Algunas de estas casas parecen tan antiguas como los patriarcas, otras son nuevas, apenas terminadas, pero todas son parecidas: las mismas paredes macizas, sólidas, que desafían los siglos, las mismas proporciones cúbicas, los mismos ventanucos siempre acoplados. Nada desentona en este conjunto, pues Hebrón es una de las pocas ciudades que no depara ninguna construcción moderna o extraña.

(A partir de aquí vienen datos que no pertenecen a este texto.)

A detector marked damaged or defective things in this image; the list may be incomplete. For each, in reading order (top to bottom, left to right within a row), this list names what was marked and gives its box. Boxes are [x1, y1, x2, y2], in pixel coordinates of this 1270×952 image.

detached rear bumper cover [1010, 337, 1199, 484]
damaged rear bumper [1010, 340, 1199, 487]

El bazar abovedado en piedra, con tan solo algunos lucernarios estrechos y enrejados, está ya a oscuras y sus tenderetes comienzan a cerrarse. De los escaparates cuelgan túnicas y ropas, arneses y teteras, tocados de cuentas de camello y, sobre todo, abalorios de vidrio, pulseras y collares que se fabrican en Hebrón desde tiempos inmemoriales. Se ve con dificultad. Caminamos entre una neblina de polvo y el aroma a especias y ámbar, resbalando sobre brillantes y antiguas losas, bruñidas durante siglos y siglos por las babuchas y los pies descalzos.
En las proximidades de la gran mezquita nos invaden, a ratos, las sombras de la noche, cuando atravesamos las callejuelas que ascienden, abovedadas en ojiva, como naves estrechas. A lo largo de estas callejas se abren puertas de casas milenarias, adornadas con restos de inscripciones o de esculturas y, al pasar, nos topamos con enormes piedras de cimentación, que podrían ser contemporáneas de los reyes hebreos. En este atardecer, aquí se percibe todo como impregnado de incalculables miríadas de muertes. Se toma conciencia, bajo una impresión casi angustiosa, del amontonamiento de las edades en esta ciudad que estuvo involucrada en los acontecimientos de la historia sagrada desde los legendarios orígenes de Israel. ¡Qué de revelaciones sobre la antigüedad podrían ofrecer las excavaciones de este antiquísimo suelo, si todo ello no fuese tan impenetrable, tan cerrado, tan hostil!...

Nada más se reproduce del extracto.